**Data provided**
----------------
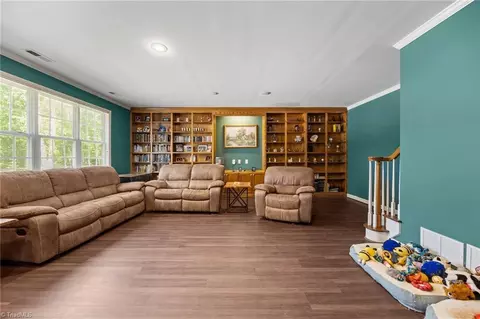 Living - 340 Mountainview Rd, King, NC 27021 photo 3 of 4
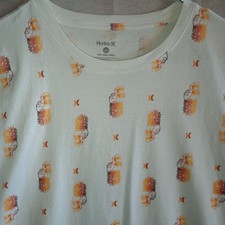 Men's Hurley Pineapple Skulls All Over Print White Short Sleeve T-Shirt Sz Lg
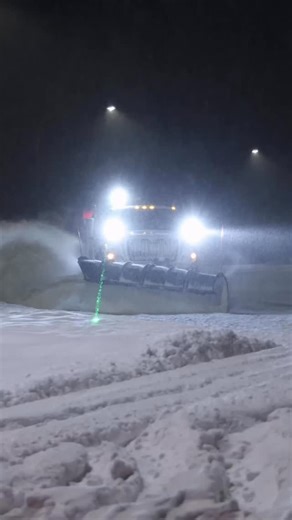 Over a foot of snow has fallen at Stevens Pass today! Here are some highlights from tonight, the snow plow workers were putting in work! Thanks WSDOT for your hard work! #Wawx #weather #snow #washington #nature #mountain #video 11-25-25 | Washington Weather Chasers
----------------
Give again exactly the lines running from the beginning of the material above through the line that contains "Men's Hurley Pineapple", and leave out every picture.

 Living - 340 Mountainview Rd, King, NC 27021 photo 3 of 4
 Men's Hurley Pineapple Skulls All Over Print White Short Sleeve T-Shirt Sz Lg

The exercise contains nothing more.